» **YOUR OBJECTIVE**
What is needed is an exact copy of the lines in the listing below, from the one with "This sleek black" up to and including the one with "Contemporary light blue", with no other lines.

» **RECORD EXTRACTS**
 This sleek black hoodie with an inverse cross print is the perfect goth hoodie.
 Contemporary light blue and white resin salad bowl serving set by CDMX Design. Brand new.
* * *
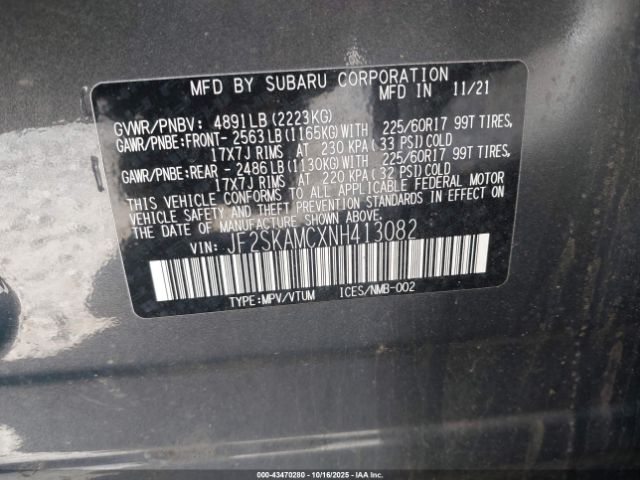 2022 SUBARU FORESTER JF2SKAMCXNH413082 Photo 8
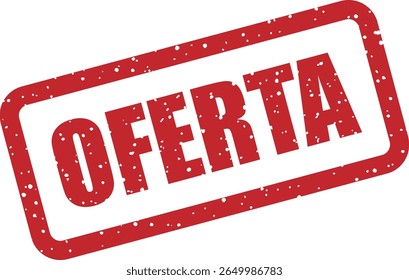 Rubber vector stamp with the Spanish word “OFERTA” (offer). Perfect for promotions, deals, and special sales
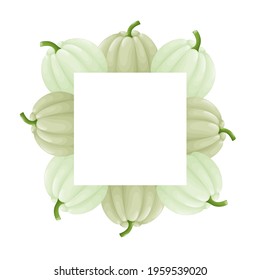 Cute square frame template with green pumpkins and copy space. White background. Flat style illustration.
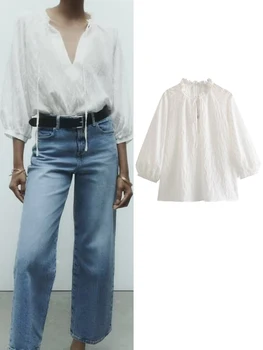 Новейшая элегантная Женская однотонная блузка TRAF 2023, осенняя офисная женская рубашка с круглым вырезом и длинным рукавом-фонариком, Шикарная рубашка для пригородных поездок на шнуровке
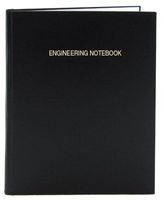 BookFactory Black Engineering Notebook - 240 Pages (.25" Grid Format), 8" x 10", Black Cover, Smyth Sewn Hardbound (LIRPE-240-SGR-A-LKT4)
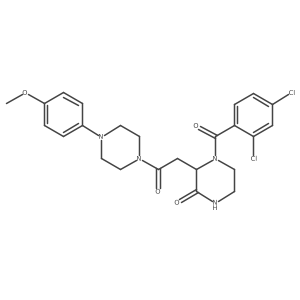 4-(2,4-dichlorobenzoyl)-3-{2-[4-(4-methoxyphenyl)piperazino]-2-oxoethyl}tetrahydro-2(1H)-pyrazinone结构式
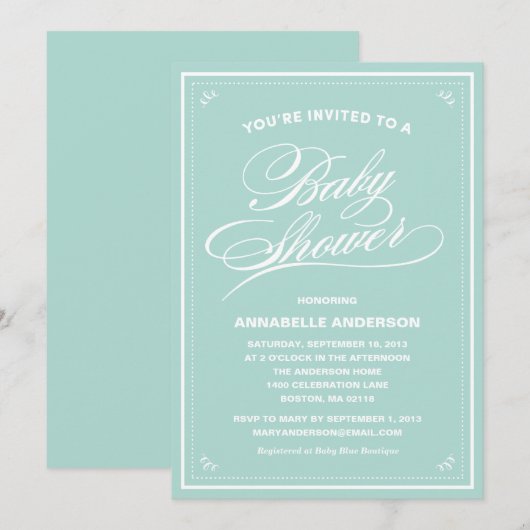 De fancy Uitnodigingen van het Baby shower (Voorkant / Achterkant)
--
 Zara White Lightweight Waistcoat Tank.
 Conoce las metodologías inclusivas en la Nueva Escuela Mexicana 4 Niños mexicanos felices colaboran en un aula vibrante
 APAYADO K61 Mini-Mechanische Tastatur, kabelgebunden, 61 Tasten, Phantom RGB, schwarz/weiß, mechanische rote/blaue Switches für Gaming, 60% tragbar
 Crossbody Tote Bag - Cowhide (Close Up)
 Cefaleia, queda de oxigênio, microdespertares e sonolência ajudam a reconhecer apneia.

» **EXERCISE RESULT**
 This sleek black hoodie with an inverse cross print is the perfect goth hoodie.
 Contemporary light blue and white resin salad bowl serving set by CDMX Design. Brand new.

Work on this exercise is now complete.